# [EXERCISE PROMPT]
In the records below, find the line with "克莱斯勒收购jeep是哪一年"; retype that line and all the following lines through the end, exactly, and add nothing.

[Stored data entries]
== == ==

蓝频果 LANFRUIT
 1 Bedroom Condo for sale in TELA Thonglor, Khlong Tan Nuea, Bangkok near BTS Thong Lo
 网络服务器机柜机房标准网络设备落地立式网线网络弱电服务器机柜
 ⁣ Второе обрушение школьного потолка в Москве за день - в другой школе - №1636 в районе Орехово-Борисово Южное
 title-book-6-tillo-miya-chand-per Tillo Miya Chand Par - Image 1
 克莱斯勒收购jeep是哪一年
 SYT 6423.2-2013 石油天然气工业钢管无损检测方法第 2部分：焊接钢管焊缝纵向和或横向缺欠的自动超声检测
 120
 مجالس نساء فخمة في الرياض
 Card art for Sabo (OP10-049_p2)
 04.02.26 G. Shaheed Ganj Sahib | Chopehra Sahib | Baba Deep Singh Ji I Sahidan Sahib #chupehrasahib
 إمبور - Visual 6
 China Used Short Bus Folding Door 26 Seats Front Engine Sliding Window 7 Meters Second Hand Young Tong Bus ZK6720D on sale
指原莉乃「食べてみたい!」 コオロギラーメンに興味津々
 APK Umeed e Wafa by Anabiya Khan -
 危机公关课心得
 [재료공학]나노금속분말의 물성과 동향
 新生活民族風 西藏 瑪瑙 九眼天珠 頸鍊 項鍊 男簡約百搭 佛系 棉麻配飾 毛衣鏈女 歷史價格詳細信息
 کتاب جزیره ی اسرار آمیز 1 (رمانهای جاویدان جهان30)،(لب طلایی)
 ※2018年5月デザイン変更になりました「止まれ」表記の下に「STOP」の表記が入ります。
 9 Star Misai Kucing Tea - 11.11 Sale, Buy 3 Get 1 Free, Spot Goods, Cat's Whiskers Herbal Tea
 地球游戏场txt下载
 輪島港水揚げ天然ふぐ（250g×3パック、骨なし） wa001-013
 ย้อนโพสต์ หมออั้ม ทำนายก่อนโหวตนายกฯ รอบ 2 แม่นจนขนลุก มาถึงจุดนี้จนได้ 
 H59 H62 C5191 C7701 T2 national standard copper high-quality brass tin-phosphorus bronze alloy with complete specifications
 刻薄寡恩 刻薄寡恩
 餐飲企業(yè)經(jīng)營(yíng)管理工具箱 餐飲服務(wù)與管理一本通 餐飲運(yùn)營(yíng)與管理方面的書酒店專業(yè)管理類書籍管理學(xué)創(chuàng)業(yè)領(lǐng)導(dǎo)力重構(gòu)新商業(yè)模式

== == ==

# [RESPONSE TO THE TASK]
 克莱斯勒收购jeep是哪一年
 SYT 6423.2-2013 石油天然气工业钢管无损检测方法第 2部分：焊接钢管焊缝纵向和或横向缺欠的自动超声检测
 120
 مجالس نساء فخمة في الرياض
 Card art for Sabo (OP10-049_p2)
 04.02.26 G. Shaheed Ganj Sahib | Chopehra Sahib | Baba Deep Singh Ji I Sahidan Sahib #chupehrasahib
 إمبور - Visual 6
 China Used Short Bus Folding Door 26 Seats Front Engine Sliding Window 7 Meters Second Hand Young Tong Bus ZK6720D on sale
指原莉乃「食べてみたい!」 コオロギラーメンに興味津々
 APK Umeed e Wafa by Anabiya Khan -
 危机公关课心得
 [재료공학]나노금속분말의 물성과 동향
 新生活民族風 西藏 瑪瑙 九眼天珠 頸鍊 項鍊 男簡約百搭 佛系 棉麻配飾 毛衣鏈女 歷史價格詳細信息
 کتاب جزیره ی اسرار آمیز 1 (رمانهای جاویدان جهان30)،(لب طلایی)
 ※2018年5月デザイン変更になりました「止まれ」表記の下に「STOP」の表記が入ります。
 9 Star Misai Kucing Tea - 11.11 Sale, Buy 3 Get 1 Free, Spot Goods, Cat's Whiskers Herbal Tea
 地球游戏场txt下载
 輪島港水揚げ天然ふぐ（250g×3パック、骨なし） wa001-013
 ย้อนโพสต์ หมออั้ม ทำนายก่อนโหวตนายกฯ รอบ 2 แม่นจนขนลุก มาถึงจุดนี้จนได้ 
 H59 H62 C5191 C7701 T2 national standard copper high-quality brass tin-phosphorus bronze alloy with complete specifications
 刻薄寡恩 刻薄寡恩
 餐飲企業(yè)經(jīng)營(yíng)管理工具箱 餐飲服務(wù)與管理一本通 餐飲運(yùn)營(yíng)與管理方面的書酒店專業(yè)管理類書籍管理學(xué)創(chuàng)業(yè)領(lǐng)導(dǎo)力重構(gòu)新商業(yè)模式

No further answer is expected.